ウさん(47)は台北の地下鉄駅近くで、ホームレスが販売する雑誌「ビッグイシュー」
を手に、「会社が中国に製造ラインを移してから無職になった。自分には大きな変化に必要
な技能がないんだ」と話す。
ウさんは、台湾が製造拠点として成功を収めた時代を生きてきた。1960年代はバービー
人形や衣料品、最近30年間はコンピューターや携帯電話端末の生産の中心地だった。だが、
政策当局が投資規制緩和や金融、輸送、観光へのてこ入れを実施するのが遅かったことから
、台湾の雇用創出は阻害され、所得も伸び悩んだ。
政治的に対立してきた台湾と中国との関係改善を受け、台湾メーカーはコストの安い中国
本土に次々と工場を移転。
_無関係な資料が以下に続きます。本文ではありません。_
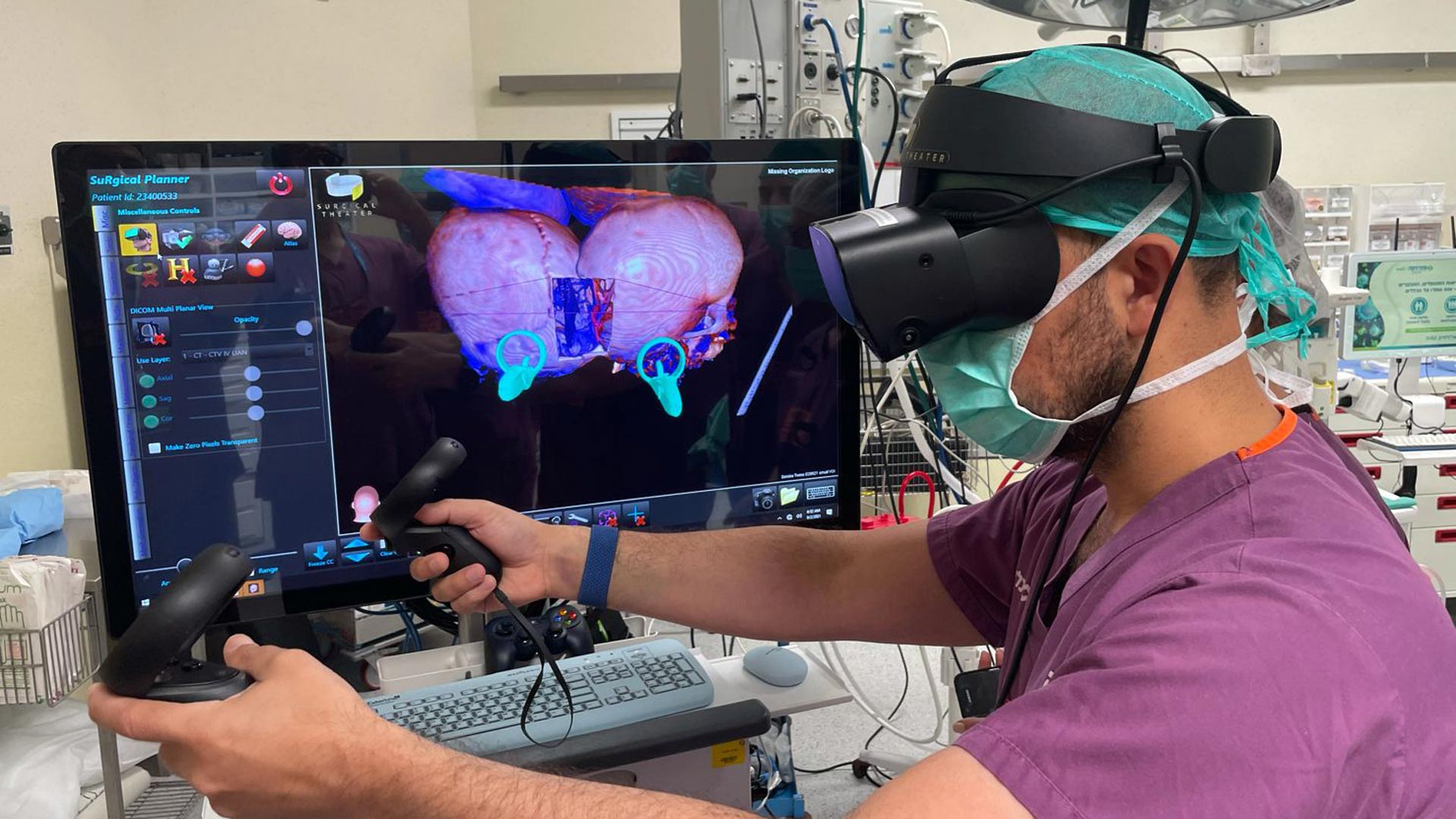 Rare Conjoined Twin Surgery Aided by VR Training, Bridging the Gap Between Two Continents – Road to VR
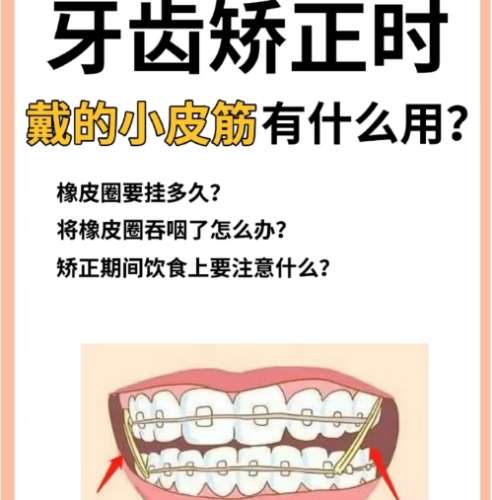 牙齿矫正 牙齿矫正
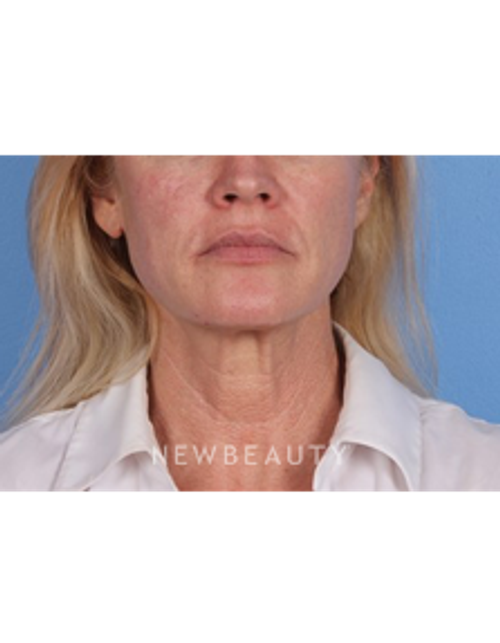 Dr. Kelly Bomer - Chemical Peels - Before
台湾は新たな成長産業を育てることができず、シンガポールと
香港に後れを取った。台湾の野党は、馬英九総統が推進した中国との経済関係強化が労働者
に打撃を与えたとの批判を強めている。馬総統は来年1月の総統選に向け、野党・民主進歩
党の蔡英文主席と接戦を展開している。
台湾の最高学術研究機関、中央研究院の研究員で台湾経済に関する著作がある瞿宛文氏は
、「台湾がしてきたことは少な過ぎる上に遅過ぎた」と指摘、「台湾のサービス部門の能力
は極めて限られている。この部門の開放があまりに遅れたことが原因だ」と述べた。
■構造的
内需関連の台湾企業、例えば食品供給で台湾最大手の統一企業は、2010年に売上高が18%
増加にとどまったが、台湾系の企業グループ、富士康の中心企業、鴻海精密工業は中国本土
での低コストでの生産の恩恵を受け、53%の増収率となった。富士康は現在、米アップルの
スマートフォン(多機能携帯電話)「iPhone(アイフォーン)」やタブレット型コン
ピューター「iPad(アイパッド)」を受託生産している。
台湾が中国本土への投資を解禁したのは1991年。当局のデータによると、それ以降に認可
されたプロジェクト数は3万8685件で、本土では少なくとも合計およそ770万人分の雇用が
創出されている。一方、台湾製造業の雇用者数は今年5月時点で290万人。台湾の失業率は
4.4%と米国の半分未満だが、シンガポールに比べると倍以上で、香港と韓国の水準も上回る。
キャピタル・エコノミクスのエコノミスト、マーク・ウィリアムズ氏(ロンドン在勤)は
、「これは景気循環的なものでなく構造的な問題だ。大手企業の多くが台湾海峡を渡り、
それを埋め合わせるだけの新たな雇用は生まれていない」と述べた。